Наконец он споткнулся, ноги его подломились, упал, забился головой о землю. На Митю тут же навалилась Катя, удерживала рукой, Митя корчился, извивался всем телом, хрипел, но уже все слабее.
- Да помогите же! - запросила Катя.
Смельчаки нашлись. Старик Белобородое, с ним еще двое: Сергей, участник войны, теперь полуслепой, и его жена Наталья. Они помогли Кате придержать Митю, а когда он совсем угомонился, подняли, понесли в избу, удивляясь его невзрослой легкости, положили на постель.

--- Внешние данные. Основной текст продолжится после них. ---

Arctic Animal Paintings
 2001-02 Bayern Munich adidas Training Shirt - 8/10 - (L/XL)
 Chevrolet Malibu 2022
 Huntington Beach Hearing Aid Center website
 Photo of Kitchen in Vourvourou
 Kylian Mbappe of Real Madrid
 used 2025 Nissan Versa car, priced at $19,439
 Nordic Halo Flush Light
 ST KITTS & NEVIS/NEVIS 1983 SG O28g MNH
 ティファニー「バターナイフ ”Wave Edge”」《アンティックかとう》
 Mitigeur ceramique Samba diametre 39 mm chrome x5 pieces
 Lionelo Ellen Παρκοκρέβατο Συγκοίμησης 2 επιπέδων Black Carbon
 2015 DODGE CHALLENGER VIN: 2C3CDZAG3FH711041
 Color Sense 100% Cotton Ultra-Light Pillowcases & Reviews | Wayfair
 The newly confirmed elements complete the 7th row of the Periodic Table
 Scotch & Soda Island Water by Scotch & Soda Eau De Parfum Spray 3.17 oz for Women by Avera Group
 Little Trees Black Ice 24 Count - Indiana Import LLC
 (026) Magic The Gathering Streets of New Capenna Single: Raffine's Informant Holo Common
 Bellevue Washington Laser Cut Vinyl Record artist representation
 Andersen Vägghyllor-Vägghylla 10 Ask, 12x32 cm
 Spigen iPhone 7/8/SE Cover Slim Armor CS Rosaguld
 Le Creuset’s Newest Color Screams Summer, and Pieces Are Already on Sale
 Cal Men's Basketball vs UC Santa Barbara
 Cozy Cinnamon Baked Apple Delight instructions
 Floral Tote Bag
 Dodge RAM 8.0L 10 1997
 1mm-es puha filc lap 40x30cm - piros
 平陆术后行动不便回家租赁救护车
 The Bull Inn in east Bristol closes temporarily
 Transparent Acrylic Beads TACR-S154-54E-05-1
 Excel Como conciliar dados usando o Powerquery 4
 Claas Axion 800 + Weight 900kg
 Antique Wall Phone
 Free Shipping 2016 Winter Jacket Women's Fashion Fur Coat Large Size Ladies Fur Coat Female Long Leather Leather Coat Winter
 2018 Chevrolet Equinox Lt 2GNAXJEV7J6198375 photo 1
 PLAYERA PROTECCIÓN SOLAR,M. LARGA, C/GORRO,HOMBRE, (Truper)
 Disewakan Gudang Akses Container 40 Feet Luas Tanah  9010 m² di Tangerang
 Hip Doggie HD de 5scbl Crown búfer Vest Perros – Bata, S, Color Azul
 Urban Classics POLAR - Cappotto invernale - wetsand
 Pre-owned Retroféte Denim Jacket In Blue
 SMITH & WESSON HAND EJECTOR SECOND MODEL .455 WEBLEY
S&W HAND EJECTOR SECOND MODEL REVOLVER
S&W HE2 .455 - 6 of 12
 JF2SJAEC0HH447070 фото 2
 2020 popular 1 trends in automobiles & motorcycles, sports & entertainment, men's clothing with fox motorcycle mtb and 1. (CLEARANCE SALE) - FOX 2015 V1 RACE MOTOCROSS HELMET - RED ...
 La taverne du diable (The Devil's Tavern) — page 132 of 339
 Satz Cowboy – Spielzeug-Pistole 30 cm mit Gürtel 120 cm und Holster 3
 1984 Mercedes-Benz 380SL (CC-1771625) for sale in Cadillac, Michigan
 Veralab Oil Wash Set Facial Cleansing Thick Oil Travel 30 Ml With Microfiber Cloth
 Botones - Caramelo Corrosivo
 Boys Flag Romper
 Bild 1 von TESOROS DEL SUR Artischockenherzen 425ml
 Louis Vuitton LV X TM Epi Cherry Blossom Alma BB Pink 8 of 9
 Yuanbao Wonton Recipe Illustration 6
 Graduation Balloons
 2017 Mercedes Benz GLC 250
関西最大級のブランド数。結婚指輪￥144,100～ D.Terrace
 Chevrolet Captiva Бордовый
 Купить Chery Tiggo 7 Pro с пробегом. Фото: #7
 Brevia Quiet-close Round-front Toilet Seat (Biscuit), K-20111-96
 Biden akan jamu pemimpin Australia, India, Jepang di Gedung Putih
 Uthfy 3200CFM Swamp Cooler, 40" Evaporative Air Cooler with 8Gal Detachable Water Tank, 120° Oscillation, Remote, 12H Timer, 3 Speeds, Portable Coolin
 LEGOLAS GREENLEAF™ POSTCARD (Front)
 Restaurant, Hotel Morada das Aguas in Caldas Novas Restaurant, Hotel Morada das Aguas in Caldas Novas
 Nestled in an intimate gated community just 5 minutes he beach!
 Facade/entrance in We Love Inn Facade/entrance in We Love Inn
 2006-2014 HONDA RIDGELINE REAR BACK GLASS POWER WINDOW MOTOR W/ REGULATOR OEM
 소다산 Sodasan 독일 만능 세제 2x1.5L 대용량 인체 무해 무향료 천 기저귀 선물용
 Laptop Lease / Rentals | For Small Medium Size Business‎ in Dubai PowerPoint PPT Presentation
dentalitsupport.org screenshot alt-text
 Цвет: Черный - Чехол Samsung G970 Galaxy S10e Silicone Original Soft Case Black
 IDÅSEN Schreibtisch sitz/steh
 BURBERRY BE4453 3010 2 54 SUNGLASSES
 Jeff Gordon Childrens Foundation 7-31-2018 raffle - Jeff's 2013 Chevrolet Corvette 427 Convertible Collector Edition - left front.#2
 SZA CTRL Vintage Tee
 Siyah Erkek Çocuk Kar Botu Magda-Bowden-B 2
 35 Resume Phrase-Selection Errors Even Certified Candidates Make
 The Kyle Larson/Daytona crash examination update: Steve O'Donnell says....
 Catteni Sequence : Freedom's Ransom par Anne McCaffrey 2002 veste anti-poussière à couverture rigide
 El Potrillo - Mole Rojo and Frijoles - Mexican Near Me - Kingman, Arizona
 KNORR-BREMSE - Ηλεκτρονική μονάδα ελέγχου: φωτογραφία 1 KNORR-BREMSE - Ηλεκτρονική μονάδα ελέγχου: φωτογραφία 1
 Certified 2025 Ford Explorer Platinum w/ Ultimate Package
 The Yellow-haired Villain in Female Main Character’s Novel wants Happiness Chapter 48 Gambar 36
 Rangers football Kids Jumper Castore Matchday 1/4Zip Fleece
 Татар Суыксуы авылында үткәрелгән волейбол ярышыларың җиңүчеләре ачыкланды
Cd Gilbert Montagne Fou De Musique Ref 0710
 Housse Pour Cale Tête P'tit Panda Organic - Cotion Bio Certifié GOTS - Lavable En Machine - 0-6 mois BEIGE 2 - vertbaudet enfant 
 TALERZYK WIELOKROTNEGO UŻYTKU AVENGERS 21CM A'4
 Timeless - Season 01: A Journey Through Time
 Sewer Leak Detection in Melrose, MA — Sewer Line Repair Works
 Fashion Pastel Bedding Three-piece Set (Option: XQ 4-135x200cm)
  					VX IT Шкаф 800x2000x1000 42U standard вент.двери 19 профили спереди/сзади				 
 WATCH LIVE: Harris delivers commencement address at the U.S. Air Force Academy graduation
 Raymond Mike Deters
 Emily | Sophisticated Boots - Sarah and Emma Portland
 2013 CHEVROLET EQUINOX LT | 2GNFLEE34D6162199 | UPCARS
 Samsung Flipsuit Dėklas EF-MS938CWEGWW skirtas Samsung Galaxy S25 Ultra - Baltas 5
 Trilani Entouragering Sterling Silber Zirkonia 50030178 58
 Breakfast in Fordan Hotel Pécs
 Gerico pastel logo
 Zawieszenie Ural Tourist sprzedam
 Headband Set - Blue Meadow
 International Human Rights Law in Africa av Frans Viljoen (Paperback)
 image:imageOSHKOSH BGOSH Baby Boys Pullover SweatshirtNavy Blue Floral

И что это с ним? - тихо спросила Наталья.
--
Война, - хрипло ответил ей муж, Сергей. - Она добирает то, что не смогла взять там.
--
Не осудите, - роняя слезы над мужем, заговорила Катя. -Больной он. Потому и приехали сюда. В городе ему совсем плохо, шумно там, людно. В бою, который у него навек в памяти остался, луна такая же вот светила, сентябрьская. Она и теперь покоя ему не дает. Молодые ведь были, восемнадцатилетние... Я его, можно сказать, мертвого из того боя вынесла. С тех пор вместе мы. И вины-то его нет, что вся рота тогда погибла, а возьми ты вот, мучается... Это все луна. Куда ж от нее денешься, пока жив.